Question

A lamp consumes only $50\%$ of peak power in an AC circuit. What is the phase difference between the applied voltage and circuit current?
A. $\dfrac{\pi }{6}$
B. $\dfrac{\pi }{3}$
C. $\dfrac{\pi }{4}$
D. $\dfrac{\pi }{2}$

Answer 1

To solve this question, we need to use the concept of power in AC circuit in which power is dependent on RMS values of voltage and current as well as the power factor which is the cosine of the phase difference between voltage and current.
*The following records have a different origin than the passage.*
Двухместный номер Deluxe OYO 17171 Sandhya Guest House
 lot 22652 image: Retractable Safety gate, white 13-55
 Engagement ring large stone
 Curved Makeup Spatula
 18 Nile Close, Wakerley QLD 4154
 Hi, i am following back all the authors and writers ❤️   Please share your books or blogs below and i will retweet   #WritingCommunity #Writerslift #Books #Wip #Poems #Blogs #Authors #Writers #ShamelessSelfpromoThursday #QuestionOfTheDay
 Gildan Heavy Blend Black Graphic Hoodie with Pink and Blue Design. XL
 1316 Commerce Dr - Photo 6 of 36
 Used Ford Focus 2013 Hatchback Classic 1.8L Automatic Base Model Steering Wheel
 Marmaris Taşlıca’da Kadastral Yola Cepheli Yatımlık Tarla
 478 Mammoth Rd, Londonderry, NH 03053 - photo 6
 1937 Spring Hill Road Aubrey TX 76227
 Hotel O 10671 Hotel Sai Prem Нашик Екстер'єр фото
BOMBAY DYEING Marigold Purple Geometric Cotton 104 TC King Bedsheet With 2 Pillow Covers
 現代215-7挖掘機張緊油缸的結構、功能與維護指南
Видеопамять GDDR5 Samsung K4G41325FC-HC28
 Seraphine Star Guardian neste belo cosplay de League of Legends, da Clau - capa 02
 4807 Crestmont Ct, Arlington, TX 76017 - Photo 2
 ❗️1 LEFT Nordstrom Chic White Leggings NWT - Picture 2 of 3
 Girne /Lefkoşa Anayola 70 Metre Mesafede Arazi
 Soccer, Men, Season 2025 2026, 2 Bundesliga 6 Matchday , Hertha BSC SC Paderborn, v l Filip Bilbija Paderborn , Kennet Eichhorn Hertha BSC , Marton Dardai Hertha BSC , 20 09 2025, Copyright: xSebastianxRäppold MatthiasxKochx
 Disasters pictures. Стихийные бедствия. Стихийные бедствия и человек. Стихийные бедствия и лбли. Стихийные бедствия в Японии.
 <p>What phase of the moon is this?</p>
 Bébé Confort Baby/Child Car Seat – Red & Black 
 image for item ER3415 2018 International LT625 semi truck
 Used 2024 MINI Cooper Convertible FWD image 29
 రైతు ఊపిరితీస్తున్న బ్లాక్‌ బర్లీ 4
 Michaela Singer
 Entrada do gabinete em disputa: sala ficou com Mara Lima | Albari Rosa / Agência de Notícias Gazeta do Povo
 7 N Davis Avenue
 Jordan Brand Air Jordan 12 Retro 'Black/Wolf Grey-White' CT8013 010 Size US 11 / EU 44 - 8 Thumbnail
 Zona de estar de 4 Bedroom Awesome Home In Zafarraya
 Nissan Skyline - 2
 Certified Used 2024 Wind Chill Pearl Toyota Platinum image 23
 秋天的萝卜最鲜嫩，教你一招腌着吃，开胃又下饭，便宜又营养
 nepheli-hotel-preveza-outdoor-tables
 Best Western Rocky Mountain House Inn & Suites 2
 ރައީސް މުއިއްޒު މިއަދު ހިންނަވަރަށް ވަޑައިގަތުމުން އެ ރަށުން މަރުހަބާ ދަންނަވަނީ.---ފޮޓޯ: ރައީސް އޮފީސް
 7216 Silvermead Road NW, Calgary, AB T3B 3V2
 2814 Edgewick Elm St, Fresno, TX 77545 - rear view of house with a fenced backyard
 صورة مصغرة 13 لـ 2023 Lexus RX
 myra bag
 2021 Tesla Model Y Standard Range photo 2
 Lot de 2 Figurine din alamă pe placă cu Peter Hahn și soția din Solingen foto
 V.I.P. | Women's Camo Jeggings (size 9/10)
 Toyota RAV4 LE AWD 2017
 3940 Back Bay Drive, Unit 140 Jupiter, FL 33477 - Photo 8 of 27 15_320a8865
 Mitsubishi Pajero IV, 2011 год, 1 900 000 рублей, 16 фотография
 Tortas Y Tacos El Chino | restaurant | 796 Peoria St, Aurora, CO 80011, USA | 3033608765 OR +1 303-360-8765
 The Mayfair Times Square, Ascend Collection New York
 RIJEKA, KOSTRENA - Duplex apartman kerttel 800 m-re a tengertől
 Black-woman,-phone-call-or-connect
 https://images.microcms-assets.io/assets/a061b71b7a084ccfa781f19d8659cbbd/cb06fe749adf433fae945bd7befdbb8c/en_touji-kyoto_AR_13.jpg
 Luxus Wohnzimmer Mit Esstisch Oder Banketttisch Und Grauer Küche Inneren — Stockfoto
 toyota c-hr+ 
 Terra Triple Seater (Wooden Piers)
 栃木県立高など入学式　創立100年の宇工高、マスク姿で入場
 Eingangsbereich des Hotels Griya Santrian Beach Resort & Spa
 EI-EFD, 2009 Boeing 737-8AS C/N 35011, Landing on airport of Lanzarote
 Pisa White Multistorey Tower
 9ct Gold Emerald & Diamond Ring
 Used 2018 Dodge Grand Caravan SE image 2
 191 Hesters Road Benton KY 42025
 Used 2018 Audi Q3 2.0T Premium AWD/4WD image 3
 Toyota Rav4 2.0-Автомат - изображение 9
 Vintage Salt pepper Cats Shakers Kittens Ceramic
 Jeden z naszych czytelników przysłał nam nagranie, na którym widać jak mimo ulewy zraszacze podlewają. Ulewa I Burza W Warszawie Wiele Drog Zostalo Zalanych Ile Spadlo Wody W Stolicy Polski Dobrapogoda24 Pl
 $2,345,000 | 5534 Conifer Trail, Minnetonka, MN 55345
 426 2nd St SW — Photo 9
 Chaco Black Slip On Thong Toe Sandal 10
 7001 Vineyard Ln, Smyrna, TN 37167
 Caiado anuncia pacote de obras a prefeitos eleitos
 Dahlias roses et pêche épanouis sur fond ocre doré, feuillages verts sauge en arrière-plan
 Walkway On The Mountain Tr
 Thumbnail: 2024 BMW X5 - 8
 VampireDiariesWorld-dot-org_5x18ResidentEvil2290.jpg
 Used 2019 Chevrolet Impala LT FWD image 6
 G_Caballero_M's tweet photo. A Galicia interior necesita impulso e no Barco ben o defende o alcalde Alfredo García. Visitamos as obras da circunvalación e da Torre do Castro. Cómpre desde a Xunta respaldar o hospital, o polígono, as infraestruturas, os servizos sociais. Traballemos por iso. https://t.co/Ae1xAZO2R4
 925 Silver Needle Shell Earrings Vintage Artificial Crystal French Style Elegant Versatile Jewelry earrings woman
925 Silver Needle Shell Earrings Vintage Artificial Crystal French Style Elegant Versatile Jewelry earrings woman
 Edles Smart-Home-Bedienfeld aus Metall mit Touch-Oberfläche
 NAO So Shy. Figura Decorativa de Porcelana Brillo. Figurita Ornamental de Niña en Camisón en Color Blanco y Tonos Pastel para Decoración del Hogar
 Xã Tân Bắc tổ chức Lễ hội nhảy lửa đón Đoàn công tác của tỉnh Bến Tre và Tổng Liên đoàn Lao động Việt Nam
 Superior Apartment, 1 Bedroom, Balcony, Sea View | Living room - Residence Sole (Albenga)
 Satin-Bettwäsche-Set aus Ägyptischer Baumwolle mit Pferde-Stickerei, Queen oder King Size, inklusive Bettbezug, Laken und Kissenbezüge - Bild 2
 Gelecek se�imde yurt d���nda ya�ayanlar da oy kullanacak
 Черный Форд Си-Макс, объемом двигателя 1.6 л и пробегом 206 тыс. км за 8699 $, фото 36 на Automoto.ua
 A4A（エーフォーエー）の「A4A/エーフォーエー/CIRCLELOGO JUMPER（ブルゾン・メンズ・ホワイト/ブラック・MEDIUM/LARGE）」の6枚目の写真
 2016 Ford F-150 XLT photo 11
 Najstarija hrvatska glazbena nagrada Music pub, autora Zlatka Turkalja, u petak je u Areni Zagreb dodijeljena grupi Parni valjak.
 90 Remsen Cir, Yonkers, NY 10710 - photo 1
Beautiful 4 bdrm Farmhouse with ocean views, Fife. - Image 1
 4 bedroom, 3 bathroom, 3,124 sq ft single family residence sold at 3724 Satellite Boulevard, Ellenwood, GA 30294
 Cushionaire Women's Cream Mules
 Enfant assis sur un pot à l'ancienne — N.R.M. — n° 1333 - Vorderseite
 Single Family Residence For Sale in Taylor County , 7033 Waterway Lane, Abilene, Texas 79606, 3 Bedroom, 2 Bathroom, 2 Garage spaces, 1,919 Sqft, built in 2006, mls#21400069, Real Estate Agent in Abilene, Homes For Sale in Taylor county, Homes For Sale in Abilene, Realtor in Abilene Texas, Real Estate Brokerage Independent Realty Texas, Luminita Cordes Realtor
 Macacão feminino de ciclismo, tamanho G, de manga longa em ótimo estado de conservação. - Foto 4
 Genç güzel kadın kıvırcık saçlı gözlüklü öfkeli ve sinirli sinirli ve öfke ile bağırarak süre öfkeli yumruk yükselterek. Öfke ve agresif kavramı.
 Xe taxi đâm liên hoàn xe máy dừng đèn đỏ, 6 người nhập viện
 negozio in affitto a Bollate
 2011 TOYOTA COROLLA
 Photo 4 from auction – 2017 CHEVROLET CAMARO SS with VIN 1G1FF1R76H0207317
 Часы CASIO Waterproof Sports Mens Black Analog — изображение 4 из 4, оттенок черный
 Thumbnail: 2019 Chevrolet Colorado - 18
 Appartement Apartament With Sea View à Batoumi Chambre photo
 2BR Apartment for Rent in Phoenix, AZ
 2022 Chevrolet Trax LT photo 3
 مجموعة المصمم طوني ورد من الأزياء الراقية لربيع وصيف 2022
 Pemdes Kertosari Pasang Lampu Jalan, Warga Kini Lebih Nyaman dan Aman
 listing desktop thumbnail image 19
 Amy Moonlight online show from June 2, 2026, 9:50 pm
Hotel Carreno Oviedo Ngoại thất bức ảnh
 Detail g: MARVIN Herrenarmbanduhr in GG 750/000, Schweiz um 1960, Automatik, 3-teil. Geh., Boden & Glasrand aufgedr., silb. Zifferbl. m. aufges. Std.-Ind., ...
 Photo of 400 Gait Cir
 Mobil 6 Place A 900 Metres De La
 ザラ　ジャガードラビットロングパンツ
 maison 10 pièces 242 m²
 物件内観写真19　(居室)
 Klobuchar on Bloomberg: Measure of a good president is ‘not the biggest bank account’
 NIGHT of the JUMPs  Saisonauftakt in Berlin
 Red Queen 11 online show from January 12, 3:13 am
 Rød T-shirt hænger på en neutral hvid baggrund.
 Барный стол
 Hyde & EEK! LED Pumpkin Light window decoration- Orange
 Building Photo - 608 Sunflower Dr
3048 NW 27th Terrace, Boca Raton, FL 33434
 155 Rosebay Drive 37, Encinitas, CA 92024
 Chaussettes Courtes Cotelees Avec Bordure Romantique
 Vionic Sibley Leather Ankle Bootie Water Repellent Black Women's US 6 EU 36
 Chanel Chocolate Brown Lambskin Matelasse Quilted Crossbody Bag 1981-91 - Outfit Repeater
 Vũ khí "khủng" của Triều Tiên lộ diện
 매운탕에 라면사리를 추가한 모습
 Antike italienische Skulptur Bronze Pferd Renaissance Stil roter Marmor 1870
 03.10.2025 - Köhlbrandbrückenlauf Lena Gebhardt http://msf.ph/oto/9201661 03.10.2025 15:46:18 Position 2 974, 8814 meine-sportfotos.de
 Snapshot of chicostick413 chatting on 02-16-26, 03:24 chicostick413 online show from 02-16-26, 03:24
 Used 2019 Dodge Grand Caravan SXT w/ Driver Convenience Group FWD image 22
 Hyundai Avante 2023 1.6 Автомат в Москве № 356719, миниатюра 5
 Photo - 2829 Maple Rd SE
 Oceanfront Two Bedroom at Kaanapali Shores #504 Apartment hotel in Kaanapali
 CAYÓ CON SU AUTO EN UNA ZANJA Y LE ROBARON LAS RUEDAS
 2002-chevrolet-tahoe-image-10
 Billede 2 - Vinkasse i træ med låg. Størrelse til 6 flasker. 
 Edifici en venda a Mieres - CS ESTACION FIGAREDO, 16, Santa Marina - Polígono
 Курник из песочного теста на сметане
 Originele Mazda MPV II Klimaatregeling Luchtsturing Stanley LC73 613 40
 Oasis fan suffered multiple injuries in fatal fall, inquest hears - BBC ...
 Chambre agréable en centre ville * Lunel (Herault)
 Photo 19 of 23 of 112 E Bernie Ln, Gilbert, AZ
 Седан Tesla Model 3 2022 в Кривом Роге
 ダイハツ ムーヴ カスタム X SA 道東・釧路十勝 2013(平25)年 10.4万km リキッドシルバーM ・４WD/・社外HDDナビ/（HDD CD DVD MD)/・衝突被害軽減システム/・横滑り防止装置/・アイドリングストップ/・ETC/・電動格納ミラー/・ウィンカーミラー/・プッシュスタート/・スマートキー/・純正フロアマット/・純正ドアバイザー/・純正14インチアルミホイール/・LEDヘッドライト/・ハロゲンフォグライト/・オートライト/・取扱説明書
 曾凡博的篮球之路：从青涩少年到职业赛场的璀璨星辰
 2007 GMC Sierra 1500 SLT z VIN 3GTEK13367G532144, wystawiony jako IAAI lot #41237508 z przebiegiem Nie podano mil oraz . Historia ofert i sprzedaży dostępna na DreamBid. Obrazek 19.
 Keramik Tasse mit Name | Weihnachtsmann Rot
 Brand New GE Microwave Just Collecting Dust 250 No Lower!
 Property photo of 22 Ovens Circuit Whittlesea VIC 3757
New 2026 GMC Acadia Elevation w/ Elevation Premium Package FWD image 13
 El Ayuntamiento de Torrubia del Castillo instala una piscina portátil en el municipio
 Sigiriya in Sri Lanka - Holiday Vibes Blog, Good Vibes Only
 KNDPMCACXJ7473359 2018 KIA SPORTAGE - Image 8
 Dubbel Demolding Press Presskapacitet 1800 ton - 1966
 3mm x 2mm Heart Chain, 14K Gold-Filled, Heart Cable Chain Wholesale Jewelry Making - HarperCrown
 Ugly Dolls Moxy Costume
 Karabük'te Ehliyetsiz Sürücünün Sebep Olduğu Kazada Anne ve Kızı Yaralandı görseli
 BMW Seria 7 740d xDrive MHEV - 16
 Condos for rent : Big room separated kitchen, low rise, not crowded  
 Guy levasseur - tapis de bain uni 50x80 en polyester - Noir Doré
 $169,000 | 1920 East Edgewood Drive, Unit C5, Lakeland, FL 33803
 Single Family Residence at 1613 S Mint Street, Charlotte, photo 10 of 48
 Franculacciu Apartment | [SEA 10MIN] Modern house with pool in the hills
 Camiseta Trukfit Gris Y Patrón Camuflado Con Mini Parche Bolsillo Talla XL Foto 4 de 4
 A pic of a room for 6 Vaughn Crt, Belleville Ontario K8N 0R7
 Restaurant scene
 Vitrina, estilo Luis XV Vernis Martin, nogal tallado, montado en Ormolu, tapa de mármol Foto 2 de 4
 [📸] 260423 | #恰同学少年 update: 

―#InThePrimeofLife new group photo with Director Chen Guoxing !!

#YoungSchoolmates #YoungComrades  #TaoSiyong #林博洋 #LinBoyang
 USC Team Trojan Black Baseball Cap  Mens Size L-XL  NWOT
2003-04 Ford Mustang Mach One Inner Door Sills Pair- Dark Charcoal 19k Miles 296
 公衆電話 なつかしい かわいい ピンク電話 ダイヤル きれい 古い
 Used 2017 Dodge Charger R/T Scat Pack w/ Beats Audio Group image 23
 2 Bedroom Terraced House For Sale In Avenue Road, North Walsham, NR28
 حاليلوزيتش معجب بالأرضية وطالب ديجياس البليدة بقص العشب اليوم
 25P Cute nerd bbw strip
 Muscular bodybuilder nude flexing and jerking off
We will also use the relation between RMS values and peak values of voltage and current to find our final answer which is the phase difference between the applied voltage and circuit current.

Formulas used:
$P = {V_{rms}}{I_{rms}}\cos \phi$,
where $P$ is power, ${V_{rms}}$ is RMS value of voltage, ${I_{rms}}$ is RMS value of current and $\cos \phi$ is the power factor where $\phi$ is the phase difference between voltage and current
${P_p} = \dfrac{{{V_p}{I_p}}}{2}$,
where ${P_p}$ is the peak power, ${V_p}$ is the peak voltage, ${I_p}$ is the peak current
${V_{rms}} = \dfrac{{{V_p}}}{{\sqrt 2 }}$,
where ${V_{rms}}$ is RMS value of voltage and ${V_p}$ is the peak voltage
${I_{rms}} = \dfrac{{{I_p}}}{{\sqrt 2 }}$,
where ${I_{rms}}$ is RMS value of current and ${I_p}$ is the peak current

Complete step by step answer:
Here, it is given that a lamp consumes only $50\%$ of peak power. Therefore, we can say that
$P = \dfrac{{{P_p}}}{2}$
We know that
$P = {V_{rms}}{I_{rms}}\cos \phi$
Using formulas,
${V_{rms}} = \dfrac{{{V_p}}}{{\sqrt 2 }}$ and ${I_{rms}} = \dfrac{{{I_p}}}{{\sqrt 2 }}$ , and ${P_p} = \dfrac{{{V_p}{I_p}}}{2}$
$P = \dfrac{{{V_p}}}{{\sqrt 2 }} \times \dfrac{{{I_p}}}{{\sqrt 2 }} \times \cos \phi = {P_p}\cos \phi$
But , here it is given that
$P = \dfrac{{{P_p}}}{2}$
Therefore, we get
$\dfrac{{{P_p}}}{2} = {P_p}\cos \phi \\\ \Rightarrow \cos \phi = \dfrac{1}{2} \\\ \Rightarrow \phi = {\cos ^{ - 1}}\left( {\dfrac{1}{2}} \right) \\\ \therefore \phi = \dfrac{\pi }{3} \\\$
Thus, the phase difference between the applied voltage and circuit current when a lamp consumes only $50\%$ of peak power in an AC circuit is $\dfrac{\pi }{3}$ .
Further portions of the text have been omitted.